L'Iran e gli ingenui

Premesso che di Mahmoud Ahmadinejad si può e si deve dire tutto il male possibile, la convinzione che le elezioni le abbia vinte Mir-Hossein Mousavi (tutt'altro che il moderato che ci viene dipinto da certe cronache lunari) mi sembra un puro atto fideistico. Basato sull'assunto, molto ingenuo, secondo il quale se noi crediamo che Ahmadinejad faccia parte della feccia della Terra lo stesso devono necessariamente pensare anche gli elettori iraniani, e quindi la sua vittoria è sicuramente irregolare.
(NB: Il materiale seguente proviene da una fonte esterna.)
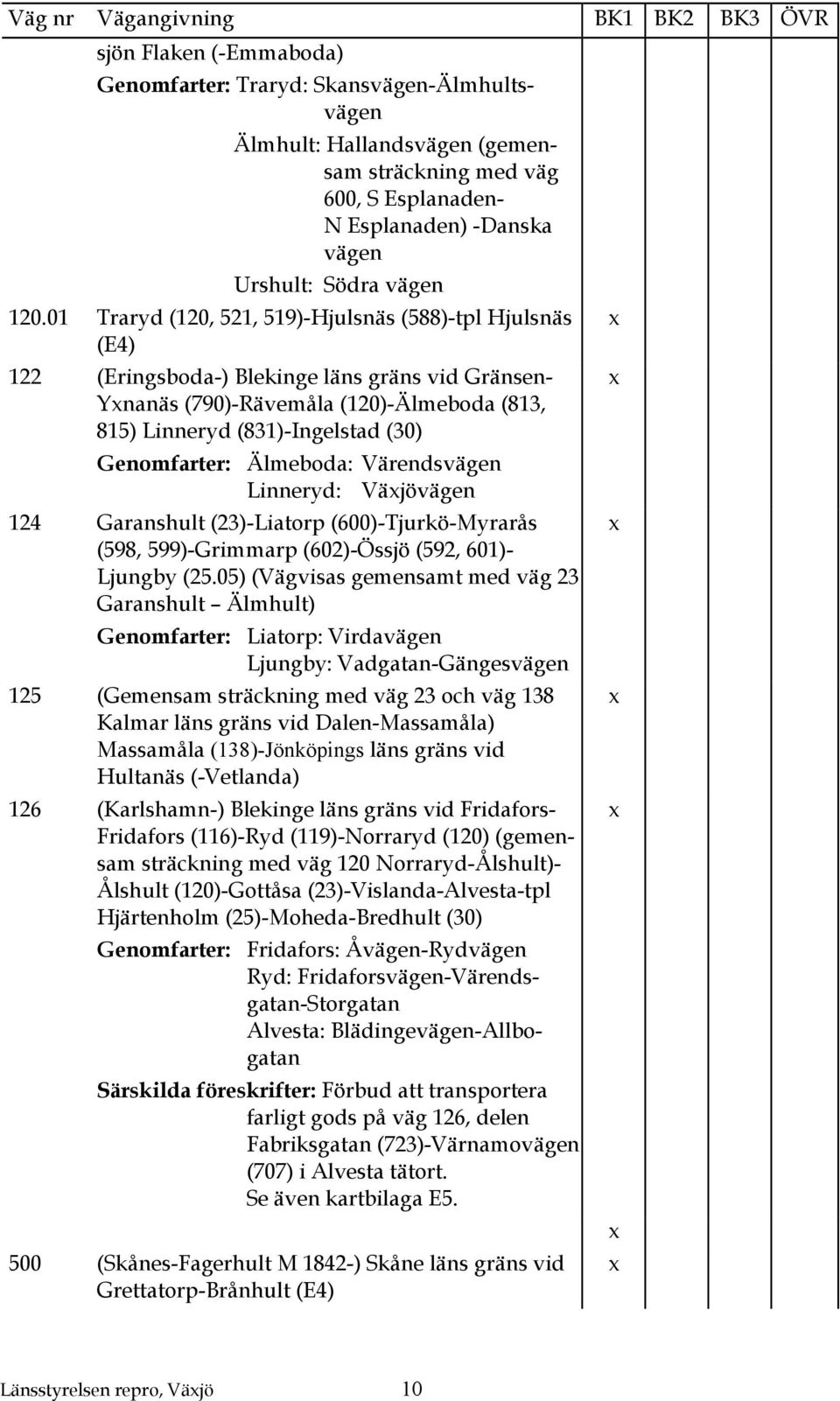 Genomfarter: Älmeboda: Värendsvägen Linneryd: Väjövägen 124 Garanshult (23)-Liatorp (600)-Tjurkö-Myrarås (598, 599)-Grimmarp (602)-Össjö (592, 601)- Ljungby (25.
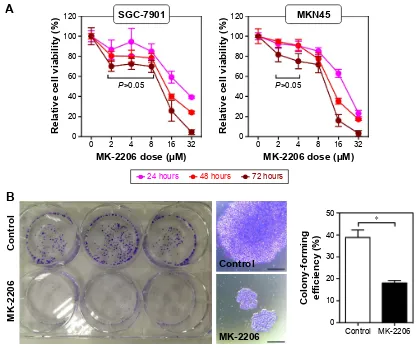 Table 1 ic50 values of MK-2206 in sgc-7901 and MKn45 cells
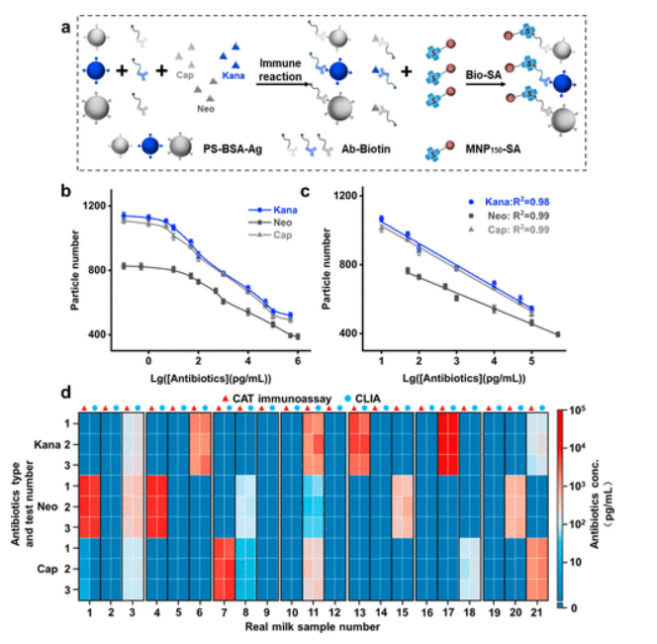AI-Mediated Encoding-Decoding for Multiplexed Microfluidic Digital Immunoassay Based on Computer Vision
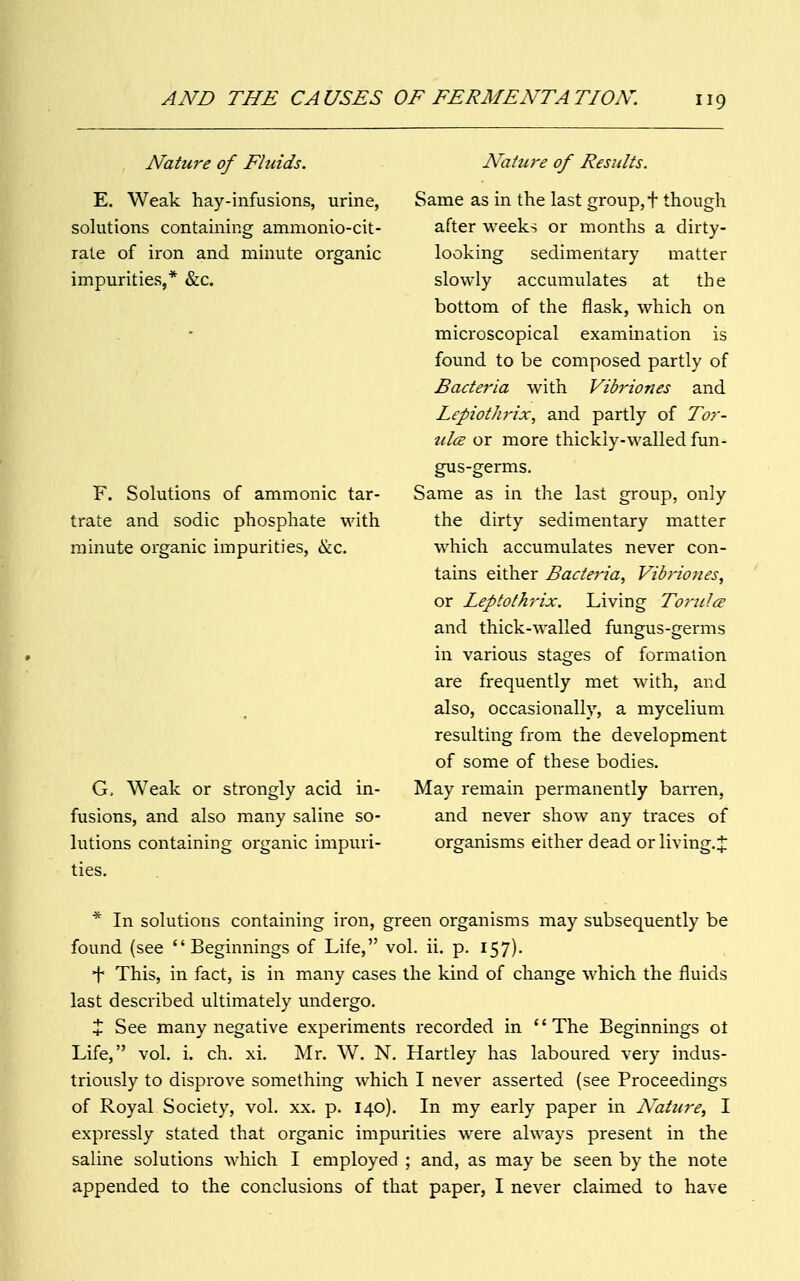 Nature of Fluids. E. Weak hay-infusions, urine, solutions containing ammonio-cit- rate of iron and minute organic impurities,* &c. F. Solutions of amnionic tar- trate and sodic phosphate with minute organic impurities, &c. G, Weak or strongly acid in- fusions, and also many saline so- lutions containing organic impuri- ties. Nature of Results. Same as in the last group, f though after weeks or months a dirty- looking sedimentary matter slowly accumulates at the bottom of the flask, which on microscopical examination is found to be composed partly of Bacteria with Vibriones and Lepiothrix, and partly of Tor- ulce or more thickly-walled fun- gus-germs. Same as in the last group, only the dirty sedimentary matter which accumulates never con- tains either Bacteria, Vibriones, or Leptothrix. Living Torulce and thick-walled fungus-germs in various stages of formation are frequently met with, and also, occasionally, a mycelium resulting from the development of some of these bodies. May remain permanently barren, and never show any traces of organisms either dead or living.:}: * In solutions containing iron, green organisms may subsequently be found (see Beginnings of Life, vol. ii. p. 157). *f* This, in fact, is in many cases the kind of change which the fluids last described ultimately undergo. % See many negative experiments recorded in The Beginnings ot Life, vol. i. ch. xi. Mr. W. N. Hartley has laboured very indus- triously to disprove something which I never asserted (see Proceedings of Royal Society, vol. xx. p. 140). In my early paper in Nature, I expressly stated that organic impurities were always present in the saline solutions which I employed ; and, as may be seen by the note appended to the conclusions of that paper, I never claimed to have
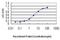 FMR1 Autosomal Homolog 1 antibody, H00008087-M01, Novus Biologicals, Enzyme Linked Immunosorbent Assay image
Purtroppo non è così che funziona. Le elezioni le vince chi prende più voti, che non sempre è il migliore dei candidati (a occhio e croce, in una sfida a due direi che ci sono il cinquanta per cento di possibilità che ciò accada). E che Ahmadinejad sia bravissimo a interpretare gli umori della pancia dei suoi elettori mi pare fuori discussione.

Poi, certo, come sempre c'è l'élite: i blogger per cui tutti noi facciamo il tifo, i giornalisti, persino i calciatori della nazionale iraniana che si fanno fotografare con il polsino verde dell'opposizione. Bravi e coraggiosi, tutti quanti. Ma il loro voto vale quanto quello dell'ultimo cafone. Si chiama democrazia e funziona così.

Pretendere di conoscere la "verità" sulle elezioni iraniane e chiedere ad Ahmadinejad di andarsene è il gesto debole di chi vorrebbe rimuoverlo, ma non ha il coraggio di invocare l'intervento militare per fare lo sporco lavoro che la democrazia non è stata in grado di compiere.